松尾由美「銀杏坂」

銀杏坂 (光文社文庫)

銀杏坂 (光文社文庫)

誰も外部から入ることができなかったアパートの一室で高価なブローチが盗まれる。どう考えても状況は内部犯なのだが、一つだけ状況をややこしくしたことがあった。そこにはオーナーの娘で、数年前に交通事故で亡くなった女性が、たびたび幽霊となって現れるということだった。この極めて理解不能な状況に対応せざるを得なくなった刑事はその事件を無事解決に導くのだが、その結果、彼の元には、未来を予言できる能力のある女性の悩みや、幽体離脱する男性を弟にもった姉のトラブルや、超能力でものを動かせる少年にまつわる事件など、極めて異常な状況の捜査が持ち込まれることになってしまう。


これは貸した本が返ってきたときに読んでしまったもの。

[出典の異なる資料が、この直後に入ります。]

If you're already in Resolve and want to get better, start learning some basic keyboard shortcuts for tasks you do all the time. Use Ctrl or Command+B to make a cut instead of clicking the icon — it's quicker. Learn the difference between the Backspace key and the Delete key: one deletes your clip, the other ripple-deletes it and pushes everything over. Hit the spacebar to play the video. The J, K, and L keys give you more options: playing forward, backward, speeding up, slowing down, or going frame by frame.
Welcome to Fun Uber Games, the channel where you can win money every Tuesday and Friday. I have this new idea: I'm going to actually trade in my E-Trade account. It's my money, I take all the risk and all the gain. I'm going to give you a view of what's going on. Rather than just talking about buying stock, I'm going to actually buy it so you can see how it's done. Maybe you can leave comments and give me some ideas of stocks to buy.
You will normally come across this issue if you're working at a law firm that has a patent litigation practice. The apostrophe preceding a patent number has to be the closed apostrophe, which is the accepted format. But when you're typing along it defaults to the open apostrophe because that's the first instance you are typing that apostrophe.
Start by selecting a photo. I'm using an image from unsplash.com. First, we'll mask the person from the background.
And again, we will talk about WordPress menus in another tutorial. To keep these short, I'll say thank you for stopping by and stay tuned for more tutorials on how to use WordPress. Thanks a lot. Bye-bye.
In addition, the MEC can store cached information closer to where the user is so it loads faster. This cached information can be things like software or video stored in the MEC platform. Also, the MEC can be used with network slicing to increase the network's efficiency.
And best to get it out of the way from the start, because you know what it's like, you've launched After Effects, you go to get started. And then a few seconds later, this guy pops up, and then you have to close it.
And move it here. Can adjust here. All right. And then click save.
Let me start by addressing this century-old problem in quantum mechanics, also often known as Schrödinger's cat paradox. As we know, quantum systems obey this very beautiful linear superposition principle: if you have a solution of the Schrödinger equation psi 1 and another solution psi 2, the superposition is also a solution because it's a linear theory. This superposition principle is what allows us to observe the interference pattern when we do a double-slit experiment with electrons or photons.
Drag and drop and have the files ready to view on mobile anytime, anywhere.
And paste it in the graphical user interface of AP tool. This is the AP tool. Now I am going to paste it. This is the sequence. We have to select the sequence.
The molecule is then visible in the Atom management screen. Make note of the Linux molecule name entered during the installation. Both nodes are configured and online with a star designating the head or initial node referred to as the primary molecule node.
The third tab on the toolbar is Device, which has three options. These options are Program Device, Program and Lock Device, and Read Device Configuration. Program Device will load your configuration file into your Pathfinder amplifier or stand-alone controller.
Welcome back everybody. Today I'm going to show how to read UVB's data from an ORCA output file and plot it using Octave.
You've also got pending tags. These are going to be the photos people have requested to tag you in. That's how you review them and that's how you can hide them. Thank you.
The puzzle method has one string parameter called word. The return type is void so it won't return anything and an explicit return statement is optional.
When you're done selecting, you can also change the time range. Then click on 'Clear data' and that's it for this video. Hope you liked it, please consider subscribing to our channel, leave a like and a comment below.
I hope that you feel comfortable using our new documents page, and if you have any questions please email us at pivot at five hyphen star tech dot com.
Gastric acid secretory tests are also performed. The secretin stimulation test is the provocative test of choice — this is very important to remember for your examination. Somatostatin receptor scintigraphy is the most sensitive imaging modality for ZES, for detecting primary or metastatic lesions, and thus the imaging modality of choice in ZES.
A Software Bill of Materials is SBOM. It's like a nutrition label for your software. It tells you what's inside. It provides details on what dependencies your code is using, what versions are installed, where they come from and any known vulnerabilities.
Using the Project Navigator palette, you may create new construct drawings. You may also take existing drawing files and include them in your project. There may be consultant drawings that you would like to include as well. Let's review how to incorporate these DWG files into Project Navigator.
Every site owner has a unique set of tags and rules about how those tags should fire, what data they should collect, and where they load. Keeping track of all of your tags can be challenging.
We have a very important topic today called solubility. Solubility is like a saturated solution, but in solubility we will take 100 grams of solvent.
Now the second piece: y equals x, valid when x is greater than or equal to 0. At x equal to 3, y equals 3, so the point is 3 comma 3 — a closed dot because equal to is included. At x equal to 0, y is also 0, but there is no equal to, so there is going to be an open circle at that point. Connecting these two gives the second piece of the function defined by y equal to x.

松尾由美という作家は、高橋源一郎氏のことばを借りれば、世界をまったくちがう見方で見ることができる作家だと思う。これはある種典型的なミステリーの形式をとりながら、幽霊や超能力といった多少異常な設定が導入される。それだけならば同じような試みをしていて、しかも素晴らしい作品を書いている他の例もあるのだが、この作家の物凄いところは、その設定からさらに一歩踏みだし、わざわざ構築した世界を土台から揺さぶり、あやうくひっくり返してしまいそうになるまで世界を展開させてしまうところだと思う。その意味で、最後のはなし、山上記は圧巻でした。この、予定調和の世界に居心地良く浸っていたところを、突然不安と不思議な感覚に溢れた世界に連れ込んでしまう文章と物語の力強さには、始めは釈然としない気分もあるのだが、最後にはむしろ心地よい感覚に襲われてしまう爽快感がありました。あの脅威の傑作「スパイク」も、また読んでみなくては。本当に松尾氏は素敵な小説を書くなあ。